Case study

Kyndill

Timeout-safe Rust game AI for the AI Fundamentals Challenge

A reliability-first Rust Tablut player for the University of Bologna AI Fundamentals Tablut Challenge, centered on protocol safety, legal move generation, strict deadlines, compact board state, and deterministic alpha-beta search.

  • University challenge project
  • Completed
  • Rust
  • Game AI
  • Alpha-beta
  • Heuristics
  • Protocols

At a glance

What matters first

What it is
Rust Ashton Tablut player for the University of Bologna AI Fundamentals Tablut Challenge.
My role
Built the protocol adapter, local rule engine, compact state model, deadline-aware search, and final guard.
Core stack
Rust, framed JSON over TCP, u128 occupancy masks, packed moves, alpha-beta, transposition table.
Best evidence
Engine-flow visual from framed JSON input to validated action output under a fixed deadline.

Engine Flow

Kyndill is a Rust player for a strict referee protocol and deadline. Each turn arrives as framed JSON over TCP with a 4-byte big-endian length prefix. The adapter decodes that payload into typed local state before the engine searches.

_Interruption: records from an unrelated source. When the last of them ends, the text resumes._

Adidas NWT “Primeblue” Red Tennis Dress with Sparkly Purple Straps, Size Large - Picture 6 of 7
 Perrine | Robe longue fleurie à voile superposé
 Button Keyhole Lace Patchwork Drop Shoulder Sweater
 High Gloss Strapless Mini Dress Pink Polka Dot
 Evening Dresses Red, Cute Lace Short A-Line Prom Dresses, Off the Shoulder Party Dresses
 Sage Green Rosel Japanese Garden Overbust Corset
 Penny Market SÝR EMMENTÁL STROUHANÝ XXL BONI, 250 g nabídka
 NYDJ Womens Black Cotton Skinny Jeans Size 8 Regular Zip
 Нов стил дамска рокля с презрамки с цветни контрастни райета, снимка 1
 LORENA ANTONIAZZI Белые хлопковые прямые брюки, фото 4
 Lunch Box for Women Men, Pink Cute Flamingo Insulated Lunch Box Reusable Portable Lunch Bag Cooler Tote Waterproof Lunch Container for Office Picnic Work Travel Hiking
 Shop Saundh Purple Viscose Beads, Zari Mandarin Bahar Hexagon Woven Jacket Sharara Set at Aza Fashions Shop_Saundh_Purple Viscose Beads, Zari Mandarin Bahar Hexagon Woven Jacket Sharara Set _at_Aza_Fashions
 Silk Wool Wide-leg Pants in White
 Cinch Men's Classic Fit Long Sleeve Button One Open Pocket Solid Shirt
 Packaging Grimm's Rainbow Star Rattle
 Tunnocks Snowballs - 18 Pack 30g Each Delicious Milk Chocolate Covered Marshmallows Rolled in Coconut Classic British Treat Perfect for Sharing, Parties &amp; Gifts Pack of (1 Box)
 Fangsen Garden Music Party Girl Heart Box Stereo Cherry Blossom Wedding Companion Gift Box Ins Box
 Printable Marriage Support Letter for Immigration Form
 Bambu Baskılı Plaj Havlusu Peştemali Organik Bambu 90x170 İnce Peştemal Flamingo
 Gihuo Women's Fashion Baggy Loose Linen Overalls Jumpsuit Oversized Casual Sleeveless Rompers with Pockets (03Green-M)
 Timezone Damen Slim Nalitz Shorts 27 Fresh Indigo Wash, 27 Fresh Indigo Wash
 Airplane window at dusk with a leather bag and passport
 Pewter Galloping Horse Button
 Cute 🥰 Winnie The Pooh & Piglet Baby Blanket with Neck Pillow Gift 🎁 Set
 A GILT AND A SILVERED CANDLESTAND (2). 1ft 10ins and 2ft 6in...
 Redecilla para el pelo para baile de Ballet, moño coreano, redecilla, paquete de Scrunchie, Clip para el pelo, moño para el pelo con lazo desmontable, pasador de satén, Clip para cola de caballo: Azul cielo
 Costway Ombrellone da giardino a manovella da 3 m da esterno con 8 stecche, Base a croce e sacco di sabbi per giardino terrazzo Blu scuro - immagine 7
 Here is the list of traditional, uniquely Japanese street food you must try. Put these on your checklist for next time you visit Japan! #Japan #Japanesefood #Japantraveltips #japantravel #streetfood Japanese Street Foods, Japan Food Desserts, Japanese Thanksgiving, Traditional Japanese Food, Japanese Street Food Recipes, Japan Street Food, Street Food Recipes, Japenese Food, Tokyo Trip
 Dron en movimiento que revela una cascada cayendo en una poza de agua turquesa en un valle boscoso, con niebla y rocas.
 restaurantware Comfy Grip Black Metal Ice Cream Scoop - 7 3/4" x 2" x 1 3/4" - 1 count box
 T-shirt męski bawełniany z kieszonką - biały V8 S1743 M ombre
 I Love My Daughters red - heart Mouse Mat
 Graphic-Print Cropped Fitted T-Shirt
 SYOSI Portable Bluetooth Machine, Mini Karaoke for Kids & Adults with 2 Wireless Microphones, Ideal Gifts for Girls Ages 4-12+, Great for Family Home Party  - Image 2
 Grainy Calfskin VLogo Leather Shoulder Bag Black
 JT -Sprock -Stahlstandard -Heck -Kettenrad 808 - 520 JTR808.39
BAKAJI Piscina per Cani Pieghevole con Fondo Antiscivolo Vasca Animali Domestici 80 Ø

The local rule engine mirrors Ashton Tablut rules for a 9 x 9 board. It owns move generation, capture checks, king escape conditions, and legal children, so the search code never constructs protocol actions directly.

Engine flow

From referee state to legal action

01

Referee framed JSON

TCP payload with a 4-byte big-endian length prefix.

02

Protocol adapter

Decode role, board, turn, and deadline inputs.

03

Typed state

Convert external state into checked local structures.

04

Local rule engine

Generate only legal Ashton Tablut moves.

05

Compact search state

Use occupancy masks, packed moves, and hashing.

06

Iterative deepening

Search completed depths with alpha-beta pruning.

07

Candidate move

Keep the best fully completed legal result.

08

Final guard

Recheck legality and deadline pressure before send.

09

Framed JSON action

Return one validated move to the referee.

State model

Compact board state

The search core works from a small trusted state instead of repeatedly interpreting referee payloads.

Board
9 x 9 Ashton Tablut state
Masks
u128 occupancy bitsets
Moves
Packed move representation
Table
Transposition table entries
Deadline behavior

Fallback before timeout

  1. Budget opens

    The turn starts with a fixed response window.

  2. Depths complete

    Iterative deepening stores only completed legal results.

  3. Abort pressure

    Deeper work stops as the deadline approaches.

  4. Legal fallback

    The player sends the last completed result or a deterministic prevalidated fallback.

Search Under Deadline

The engine uses deterministic iterative-deepening alpha-beta search. A completed depth stores a legal best result before the engine attempts the next depth, which keeps useful work available under deadline pressure.

The search path uses compact u128 occupancy masks, packed moves, incremental hashing, a bounded transposition table, and killer and history ordering.

Safety Guard

The last step before writing a response is a legality and time guard. If deeper search cannot finish safely, Kyndill keeps the last completed iterative-deepening result or sends a deterministic prevalidated fallback.

Safety boundary

  1. Decode

    Read the framed JSON payload and convert it into trusted local state.

    protocol
  2. Generate

    Build legal Ashton Tablut moves from the local rule engine.

    rules
  3. Search

    Run completed iterative-deepening alpha-beta depths inside the move budget.

    engine
  4. Guard

    Send only a currently legal move, or use the deterministic fallback before timeout pressure wins.

    deadline

Implementation Notes

  • V4 is the default runtime profile.
  • White uses static installed weights tuned offline.
  • Black stays frozen as a manually tuned asymmetric path.
  • Runtime play uses installed static profiles only.
  • The engine-flow visual traces the path from protocol input to validated action output.